▶ PROBLEM REQUIREMENTS:
Would you reproduce exactly the lines below from the one holding "Louis Vuitton Monogram Looping GM 7 of 7" through the one holding "8 256GB スペースグレイ", inclusive, and no others?

▶ PROVIDED INFORMATION:
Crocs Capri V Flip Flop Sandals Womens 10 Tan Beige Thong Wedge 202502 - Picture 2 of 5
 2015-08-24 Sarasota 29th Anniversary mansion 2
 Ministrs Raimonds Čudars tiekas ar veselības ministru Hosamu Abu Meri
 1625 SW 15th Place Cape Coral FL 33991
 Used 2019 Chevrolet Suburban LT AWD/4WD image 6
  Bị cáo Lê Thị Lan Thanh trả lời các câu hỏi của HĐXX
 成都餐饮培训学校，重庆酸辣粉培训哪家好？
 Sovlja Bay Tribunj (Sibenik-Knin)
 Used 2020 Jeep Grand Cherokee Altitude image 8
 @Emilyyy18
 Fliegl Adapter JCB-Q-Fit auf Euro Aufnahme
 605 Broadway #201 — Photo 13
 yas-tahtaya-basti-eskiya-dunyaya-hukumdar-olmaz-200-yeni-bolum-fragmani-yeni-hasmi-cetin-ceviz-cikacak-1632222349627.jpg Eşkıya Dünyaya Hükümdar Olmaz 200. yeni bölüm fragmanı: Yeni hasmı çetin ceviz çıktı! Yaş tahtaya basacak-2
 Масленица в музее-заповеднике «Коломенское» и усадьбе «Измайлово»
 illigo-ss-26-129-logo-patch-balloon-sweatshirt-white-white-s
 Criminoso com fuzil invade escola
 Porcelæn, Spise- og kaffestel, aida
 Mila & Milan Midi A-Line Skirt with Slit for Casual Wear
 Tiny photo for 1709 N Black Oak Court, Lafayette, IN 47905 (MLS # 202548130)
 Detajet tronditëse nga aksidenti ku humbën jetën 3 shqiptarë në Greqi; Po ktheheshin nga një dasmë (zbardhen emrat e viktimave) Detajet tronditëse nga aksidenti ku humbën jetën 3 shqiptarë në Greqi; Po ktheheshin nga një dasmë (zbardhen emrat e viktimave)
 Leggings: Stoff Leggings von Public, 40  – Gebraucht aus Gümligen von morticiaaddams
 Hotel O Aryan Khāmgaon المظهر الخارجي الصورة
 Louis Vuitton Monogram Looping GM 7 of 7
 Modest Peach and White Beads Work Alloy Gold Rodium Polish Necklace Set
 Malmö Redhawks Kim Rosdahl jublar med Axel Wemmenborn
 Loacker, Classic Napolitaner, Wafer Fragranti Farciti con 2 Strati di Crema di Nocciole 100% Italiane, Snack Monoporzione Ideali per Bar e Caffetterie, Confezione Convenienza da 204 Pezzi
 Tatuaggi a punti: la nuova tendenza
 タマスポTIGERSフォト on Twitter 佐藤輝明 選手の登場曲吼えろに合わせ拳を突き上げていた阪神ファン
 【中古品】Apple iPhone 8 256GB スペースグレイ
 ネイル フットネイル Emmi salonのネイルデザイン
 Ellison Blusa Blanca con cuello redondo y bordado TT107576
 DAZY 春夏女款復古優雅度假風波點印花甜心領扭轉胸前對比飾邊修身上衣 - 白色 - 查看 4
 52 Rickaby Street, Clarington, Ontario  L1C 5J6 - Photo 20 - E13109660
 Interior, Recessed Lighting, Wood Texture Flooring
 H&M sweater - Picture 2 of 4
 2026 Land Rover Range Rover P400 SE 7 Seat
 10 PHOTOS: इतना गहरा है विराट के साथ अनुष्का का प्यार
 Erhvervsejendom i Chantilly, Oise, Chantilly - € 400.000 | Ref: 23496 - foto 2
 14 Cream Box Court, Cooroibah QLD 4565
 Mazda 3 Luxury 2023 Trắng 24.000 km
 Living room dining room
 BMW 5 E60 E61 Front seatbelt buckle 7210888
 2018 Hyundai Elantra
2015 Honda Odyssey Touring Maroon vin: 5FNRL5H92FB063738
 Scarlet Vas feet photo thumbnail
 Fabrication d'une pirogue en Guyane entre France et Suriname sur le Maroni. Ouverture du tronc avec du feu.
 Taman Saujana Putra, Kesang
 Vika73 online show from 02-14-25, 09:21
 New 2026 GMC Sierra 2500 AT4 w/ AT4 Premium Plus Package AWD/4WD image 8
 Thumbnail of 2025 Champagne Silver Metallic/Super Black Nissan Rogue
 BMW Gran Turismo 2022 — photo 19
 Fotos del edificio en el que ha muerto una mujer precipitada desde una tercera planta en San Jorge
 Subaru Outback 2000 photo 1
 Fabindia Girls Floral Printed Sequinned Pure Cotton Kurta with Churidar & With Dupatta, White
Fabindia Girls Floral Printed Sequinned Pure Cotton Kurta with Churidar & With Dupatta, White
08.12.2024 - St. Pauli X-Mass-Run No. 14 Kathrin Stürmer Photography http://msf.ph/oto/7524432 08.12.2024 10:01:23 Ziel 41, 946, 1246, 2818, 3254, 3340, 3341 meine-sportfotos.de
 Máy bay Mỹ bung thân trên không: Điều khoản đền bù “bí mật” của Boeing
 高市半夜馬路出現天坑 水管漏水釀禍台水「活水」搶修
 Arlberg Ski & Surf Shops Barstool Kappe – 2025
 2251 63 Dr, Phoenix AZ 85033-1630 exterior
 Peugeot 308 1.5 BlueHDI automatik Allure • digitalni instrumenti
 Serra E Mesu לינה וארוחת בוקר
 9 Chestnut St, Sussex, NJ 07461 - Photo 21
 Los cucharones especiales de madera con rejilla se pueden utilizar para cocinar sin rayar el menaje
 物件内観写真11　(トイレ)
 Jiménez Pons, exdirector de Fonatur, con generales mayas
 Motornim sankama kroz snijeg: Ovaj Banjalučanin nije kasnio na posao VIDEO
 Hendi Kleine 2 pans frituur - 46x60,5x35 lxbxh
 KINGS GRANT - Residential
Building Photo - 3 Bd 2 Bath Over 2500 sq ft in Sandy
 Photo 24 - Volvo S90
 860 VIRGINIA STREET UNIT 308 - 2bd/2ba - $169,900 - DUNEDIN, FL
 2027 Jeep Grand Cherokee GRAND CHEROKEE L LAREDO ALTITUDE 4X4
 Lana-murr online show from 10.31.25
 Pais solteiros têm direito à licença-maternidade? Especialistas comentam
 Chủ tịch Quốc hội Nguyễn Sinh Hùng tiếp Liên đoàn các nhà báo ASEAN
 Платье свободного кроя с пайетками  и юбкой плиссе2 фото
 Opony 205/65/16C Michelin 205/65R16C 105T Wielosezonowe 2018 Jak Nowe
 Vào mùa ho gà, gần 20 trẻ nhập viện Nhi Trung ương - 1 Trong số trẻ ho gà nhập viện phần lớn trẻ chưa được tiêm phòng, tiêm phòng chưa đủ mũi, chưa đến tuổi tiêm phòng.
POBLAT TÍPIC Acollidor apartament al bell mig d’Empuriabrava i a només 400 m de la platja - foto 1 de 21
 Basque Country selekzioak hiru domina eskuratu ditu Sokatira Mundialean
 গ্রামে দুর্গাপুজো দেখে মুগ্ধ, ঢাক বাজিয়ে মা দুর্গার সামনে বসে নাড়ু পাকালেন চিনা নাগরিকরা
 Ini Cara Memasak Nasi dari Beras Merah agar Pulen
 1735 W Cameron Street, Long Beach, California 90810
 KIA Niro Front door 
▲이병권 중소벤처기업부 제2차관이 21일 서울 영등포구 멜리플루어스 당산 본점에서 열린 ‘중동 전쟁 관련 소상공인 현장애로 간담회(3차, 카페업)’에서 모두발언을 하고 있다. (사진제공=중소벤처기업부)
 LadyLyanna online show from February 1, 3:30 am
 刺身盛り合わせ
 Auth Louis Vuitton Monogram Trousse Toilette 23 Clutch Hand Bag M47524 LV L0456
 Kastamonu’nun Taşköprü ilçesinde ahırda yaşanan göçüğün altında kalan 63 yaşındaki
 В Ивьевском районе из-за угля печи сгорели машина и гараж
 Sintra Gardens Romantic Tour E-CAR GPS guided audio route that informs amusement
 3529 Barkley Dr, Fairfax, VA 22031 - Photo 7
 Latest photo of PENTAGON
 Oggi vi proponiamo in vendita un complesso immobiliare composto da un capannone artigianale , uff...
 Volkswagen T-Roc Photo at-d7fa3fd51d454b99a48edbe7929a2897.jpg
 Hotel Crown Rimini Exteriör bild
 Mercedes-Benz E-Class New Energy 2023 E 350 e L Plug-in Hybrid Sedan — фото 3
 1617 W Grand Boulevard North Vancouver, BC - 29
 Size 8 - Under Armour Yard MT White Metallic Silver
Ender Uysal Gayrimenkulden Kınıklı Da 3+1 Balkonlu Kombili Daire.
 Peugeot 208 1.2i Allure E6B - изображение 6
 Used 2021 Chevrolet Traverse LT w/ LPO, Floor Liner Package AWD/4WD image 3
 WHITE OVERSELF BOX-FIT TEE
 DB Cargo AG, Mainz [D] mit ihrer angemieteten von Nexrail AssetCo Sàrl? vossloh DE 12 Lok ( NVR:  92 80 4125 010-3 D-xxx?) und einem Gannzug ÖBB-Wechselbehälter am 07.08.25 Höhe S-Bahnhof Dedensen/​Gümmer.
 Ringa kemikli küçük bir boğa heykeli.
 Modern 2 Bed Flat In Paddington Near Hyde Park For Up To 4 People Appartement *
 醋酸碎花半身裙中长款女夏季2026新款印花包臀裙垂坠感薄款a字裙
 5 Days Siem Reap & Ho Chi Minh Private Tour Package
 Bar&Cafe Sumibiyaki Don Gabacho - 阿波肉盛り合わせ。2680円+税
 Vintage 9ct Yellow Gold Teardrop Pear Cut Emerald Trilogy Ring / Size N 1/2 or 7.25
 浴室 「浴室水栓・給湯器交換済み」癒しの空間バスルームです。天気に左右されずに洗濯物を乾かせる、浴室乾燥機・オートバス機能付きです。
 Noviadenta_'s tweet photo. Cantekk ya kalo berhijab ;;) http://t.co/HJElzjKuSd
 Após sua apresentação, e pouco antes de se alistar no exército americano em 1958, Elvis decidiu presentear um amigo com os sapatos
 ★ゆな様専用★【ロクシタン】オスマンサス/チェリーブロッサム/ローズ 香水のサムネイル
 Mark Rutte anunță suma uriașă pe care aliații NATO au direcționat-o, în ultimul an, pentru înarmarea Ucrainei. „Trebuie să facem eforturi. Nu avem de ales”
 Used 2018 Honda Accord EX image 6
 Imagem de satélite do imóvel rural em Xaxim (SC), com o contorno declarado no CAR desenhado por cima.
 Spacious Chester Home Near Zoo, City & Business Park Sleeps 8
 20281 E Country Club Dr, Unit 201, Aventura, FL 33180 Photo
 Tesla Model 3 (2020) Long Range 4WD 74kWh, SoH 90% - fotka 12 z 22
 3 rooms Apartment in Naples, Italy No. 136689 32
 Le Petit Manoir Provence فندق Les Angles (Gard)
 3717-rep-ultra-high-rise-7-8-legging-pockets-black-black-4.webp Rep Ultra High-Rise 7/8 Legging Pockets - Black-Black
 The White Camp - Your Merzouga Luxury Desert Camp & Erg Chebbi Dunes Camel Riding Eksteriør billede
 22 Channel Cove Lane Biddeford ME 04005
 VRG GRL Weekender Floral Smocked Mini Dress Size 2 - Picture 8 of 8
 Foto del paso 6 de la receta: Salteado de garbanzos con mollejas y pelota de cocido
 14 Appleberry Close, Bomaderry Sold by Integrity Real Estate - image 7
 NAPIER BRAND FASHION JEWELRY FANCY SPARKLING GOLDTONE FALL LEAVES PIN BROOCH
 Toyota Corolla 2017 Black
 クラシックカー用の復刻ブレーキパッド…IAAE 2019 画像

▶ SOLUTION FOR THIS PROBLEM:
 Louis Vuitton Monogram Looping GM 7 of 7
 Modest Peach and White Beads Work Alloy Gold Rodium Polish Necklace Set
 Malmö Redhawks Kim Rosdahl jublar med Axel Wemmenborn
 Loacker, Classic Napolitaner, Wafer Fragranti Farciti con 2 Strati di Crema di Nocciole 100% Italiane, Snack Monoporzione Ideali per Bar e Caffetterie, Confezione Convenienza da 204 Pezzi
 Tatuaggi a punti: la nuova tendenza
 タマスポTIGERSフォト on Twitter 佐藤輝明 選手の登場曲吼えろに合わせ拳を突き上げていた阪神ファン
 【中古品】Apple iPhone 8 256GB スペースグレイ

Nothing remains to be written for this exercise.